Seemingly random memory_management or ntoskrnl.exe leading to BSOD in Windows 7 and 8.1

Hi,

  I have a laptop which periodically crashes on startup and/or during first use, but generally, after a few reboots, is fine.  I've had Windows 7 and currently 8.1 installed, hoping that it was a problem with the factory restore image, but alas the problem appears to be persisting across Windows versions.  I've tried running the manufacturer in-built and 3rd party memory and HD checking tools, but nothing's come up with any errors, which make me tend to believe it's driver issue at fault.

  I have the two most recent minidumps plus a MemDiag.bin (Zip of files on OneDrive) which apparently also found some problems, but I'm unsure how to debug this further.  Looking through the forum posts I've found what appear to be similar incidents (such as http://answers.microsoft.com/en-us/windows/forum/windows8_1-performance/random-bsods-all-the-time-even-after/d492f8b2-4145-41f4-9992-68dc73e080a3) so I understand it's possible to debug these issues, so I'd really appreciate any input on how best to go about this.  I have a professional background in programming and product support, so hopefully I'll be technical enough to follow any instructions - just keen not to be a leech and to learn the skills to help myself and others :)

Thanks in advance,

  Andy

 
Question Info

Last updated August 6, 2018 Views 2,688 Applies to:

* Please try a lower page number.

* Please enter only numbers.

* Please try a lower page number.

* Please enter only numbers.

Hi Andy,


Both of the attached DMP files are of the MEMORY_MANAGEMENT (1a) bug check.

This indicates that a severe memory management error occurred.

BugCheck 1A, {41793, fffff680095c19d0, 2, 1}

- The 1st parameter of the bug check is 41793 which indicates an unknown memory management error occurred.

3: kd> dt nt!_MMPFN fffff680095c19d0
   +0x000 u1               : <unnamed-tag>
   +0x008 u2               : <unnamed-tag>
   +0x010 PteAddress       : (null)
   +0x010 VolatilePteAddress : (null)
   +0x010 Lock             : 0n0
   +0x010 PteLong          : 0
   +0x018 u3               : <unnamed-tag>
   +0x01c NodeBlinkLow     : 0
   +0x01e Unused           : 0y0000
   +0x01e VaType           : 0y0000
   +0x01f ViewCount        : 0 ''
   +0x01f NodeFlinkLow     : 0 ''
   +0x020 OriginalPte      : _MMPTE
   +0x028 u4               : <unnamed-tag>

It appears the data structure for the PFN database is zeroed out, which usually indicates corruption.

I've checked your loaded modules list and it's pretty clean, I see no mention of any 3rd party software that usually raises red flags for memory corruption. Just to be sure though before I recommend hardware diagnostics regarding memory, let's enable Driver Verifier:

Driver Verifier:

What is Driver Verifier?

Driver Verifier is included in Windows 8, 7, Windows Server 2008 R2, Windows Vista, Windows Server 2008, Windows 2000, Windows XP, and Windows Server 2003 to promote stability and reliability; you can use this tool to troubleshoot driver issues. Windows kernel-mode components can cause system corruption or system failures as a result of an improperly written driver, such as an earlier version of a Windows Driver Model (WDM) driver.

Essentially, if there's a 3rd party driver believed to be at issue, enabling Driver Verifier will help flush out the rogue driver if it detects a violation.

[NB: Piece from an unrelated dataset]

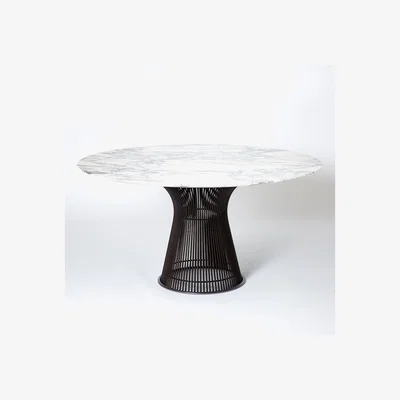 The Conran Shop Platner High Table in Arabescato Marble & Metallic Bronze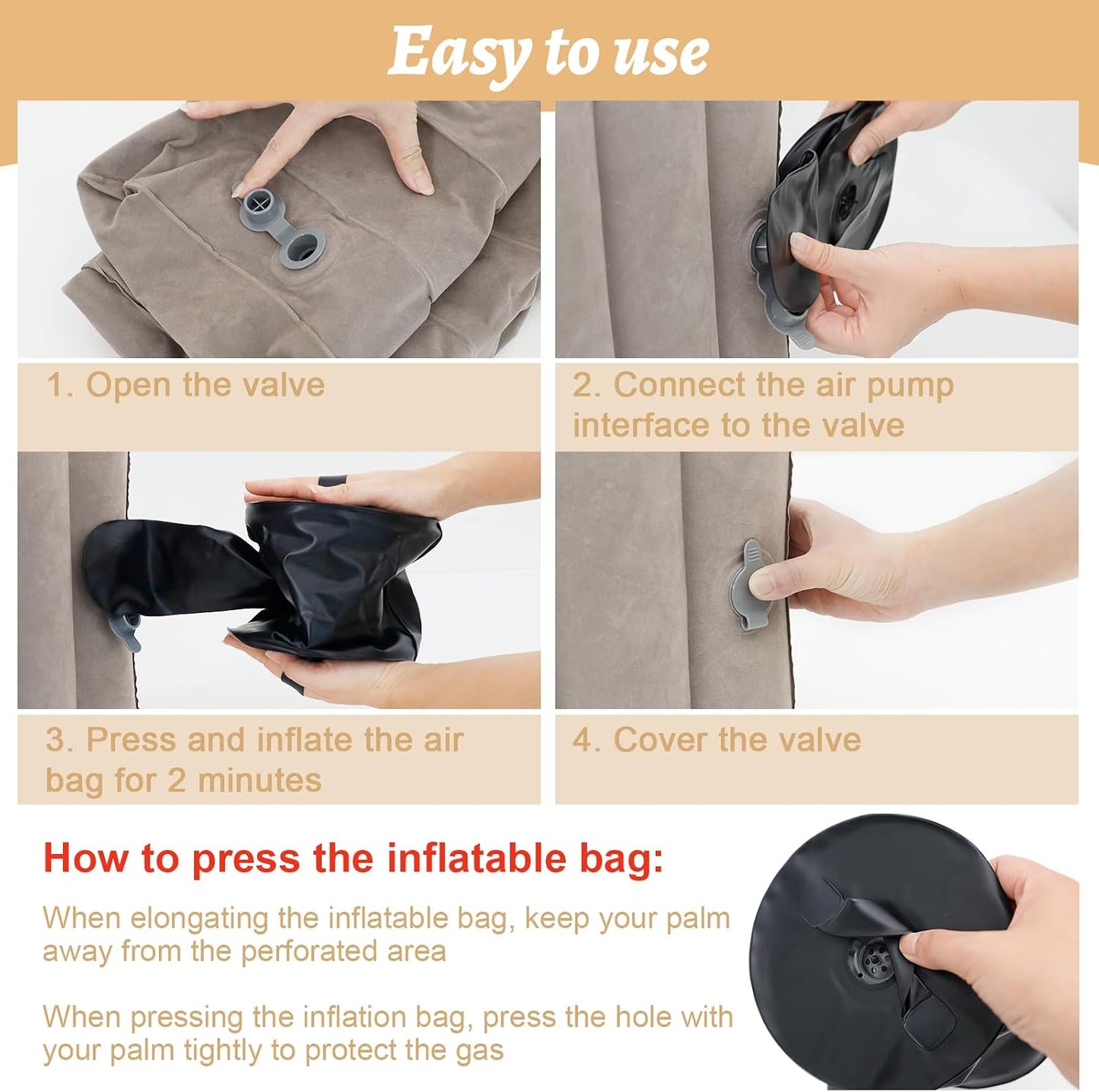 Inflatable Reading Pillow, Laptop Lap Desk with Inflatable Bag, Adjustable Gaming Pillows for Bed, Couch, Floor, Portable Leg Elevation Pillow for Comfortable Reading, Working, Crocheting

Before enabling Driver Verifier, it is recommended to create a System Restore Point:

Vista - START | type rstrui - create a restore point
Windows 7 - START | type create | select "Create a Restore Point"
Windows 8 - http://www.eightforums.com/tutorials/4690-restore-point-create-windows-8-a.html

How to enable Driver Verifier:

Start > type "verifier" without the quotes > Select the following options -

1. Select - "Create custom settings (for code developers)"
2. Select - "Select individual settings from a full list"
3. Check the following boxes -
- Special Pool
- Pool Tracking
- Force IRQL Checking
- Deadlock Detection
- Security Checks (Windows 7 & 8)
- DDI compliance checking (Windows 8)
- Miscellaneous Checks
4. Select  - "Select driver names from a list"
5. Click on the "Provider" tab. This will sort all of the drivers by the provider.
6. Check EVERY box that is [B]NOT[/B] provided by Microsoft / Microsoft Corporation.
7. Click on Finish.
8. Restart.

Important information regarding Driver Verifier:

- If Driver Verifier finds a violation, the system will BSOD.

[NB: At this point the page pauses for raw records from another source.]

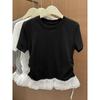 Special Xiaohongshu cotton elastane white lace splicing front shoulder short sleeve t-shirt women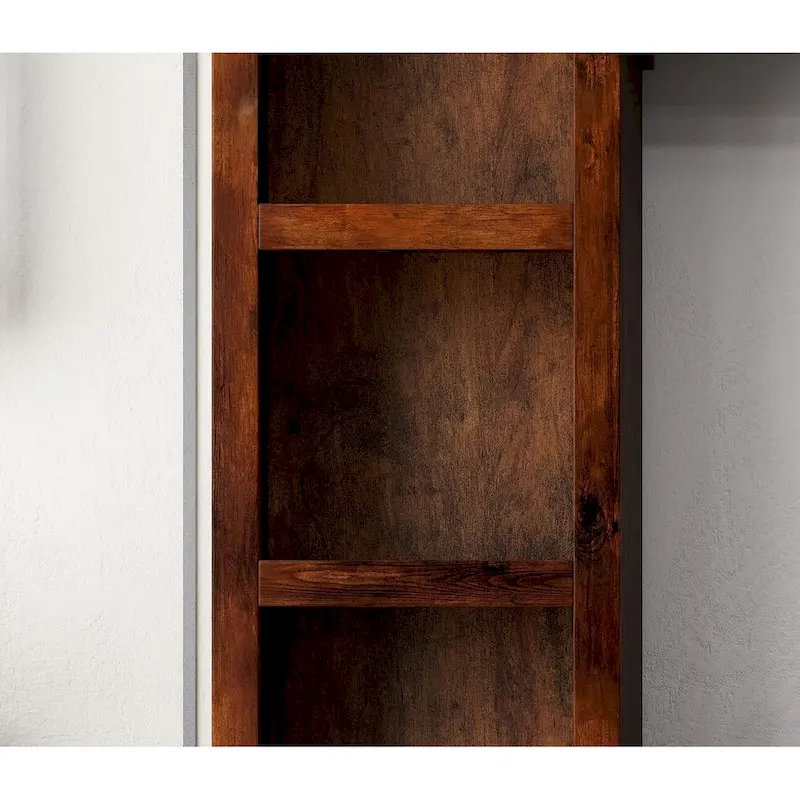 Bridgevine Home Sausalito 78 inch high Left Pier Cabinet, No Assembly Required, Whiskey Finish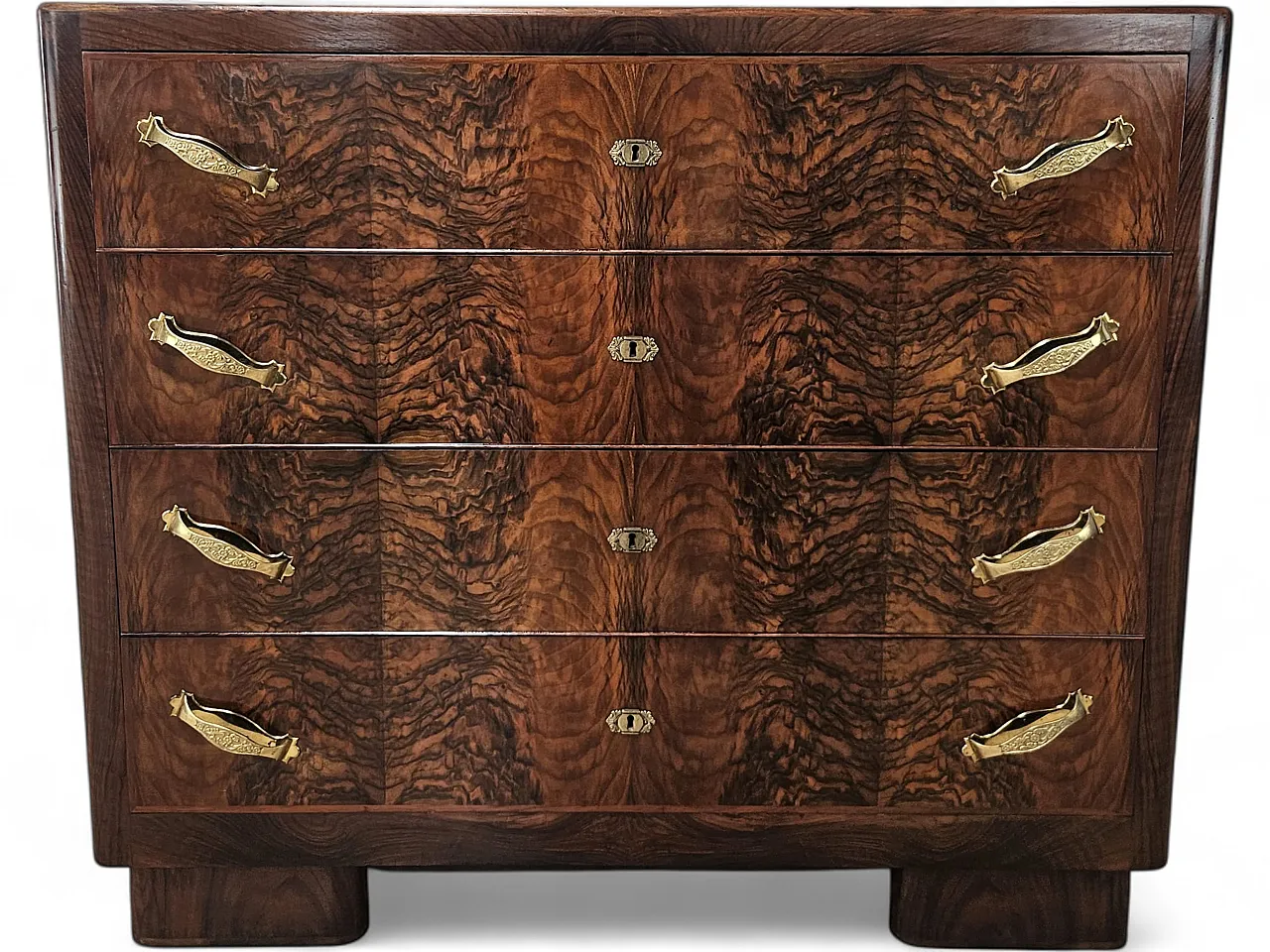1940s Art Deco chest of drawers in walnut root with black glass top 20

- After enabling Driver Verifier and restarting the system, depending on the culprit, if for example the driver is on start-up, you may not be able to get back into normal Windows because Driver Verifier will flag it, and as stated above, that will cause / force a BSOD.

If this happens, do not panic, do the following:

- Boot into Safe Mode by repeatedly tapping the F8 key during boot-up.

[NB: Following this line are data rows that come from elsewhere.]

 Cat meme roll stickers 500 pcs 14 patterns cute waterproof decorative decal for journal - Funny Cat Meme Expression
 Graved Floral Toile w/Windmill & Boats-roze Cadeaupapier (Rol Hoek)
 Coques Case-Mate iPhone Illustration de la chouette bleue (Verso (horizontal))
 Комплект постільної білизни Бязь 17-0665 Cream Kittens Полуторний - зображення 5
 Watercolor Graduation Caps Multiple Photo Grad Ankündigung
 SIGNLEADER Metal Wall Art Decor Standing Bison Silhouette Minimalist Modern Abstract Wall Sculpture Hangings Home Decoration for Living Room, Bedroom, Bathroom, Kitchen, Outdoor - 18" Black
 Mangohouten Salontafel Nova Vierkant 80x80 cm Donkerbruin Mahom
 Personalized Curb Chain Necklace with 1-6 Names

- Once in Safe Mode - Start > Search > type "cmd" without the quotes.

- To turn off Driver Verifier, type in cmd "verifier /reset" without the quotes.
・    Restart and boot into normal Windows.

If your OS became corrupt or you cannot boot into Windows after disabling verifier via Safe Mode:

- Boot into Safe Mode by repeatedly tapping the F8 key during boot-up.

- Once in Safe Mode - Start > type "system restore" without the quotes.

- Choose the restore point you created earlier.

How long should I keep Driver Verifier enabled for?

It varies, many experts and analysts have different recommendations. Personally, I recommend keeping it enabled for at least 24 hours. If you don't BSOD by then, disable Driver Verifier.

My system BSOD'd, where can I find the crash dumps?

They will be located in %systemroot%\Minidump

Any other questions can most likely be answered by this article:
http://support.microsoft.com/kb/244617

Regards,

Patrick

Debugger/Reverse Engineer.

Did this solve your problem?

Sorry this didn't help.

Great! Thanks for marking this as the answer.

How satisfied are you with this reply?

Thanks for your feedback, it helps us improve the site.

How satisfied are you with this response?

Thanks for your feedback.

Patrick,

  Thanks for the prompt and detailed response.  TBH, I was concerned that it might be a hardware RAM failure, but when memcheck etc. didn't find any problems I presumed it was software/driver related.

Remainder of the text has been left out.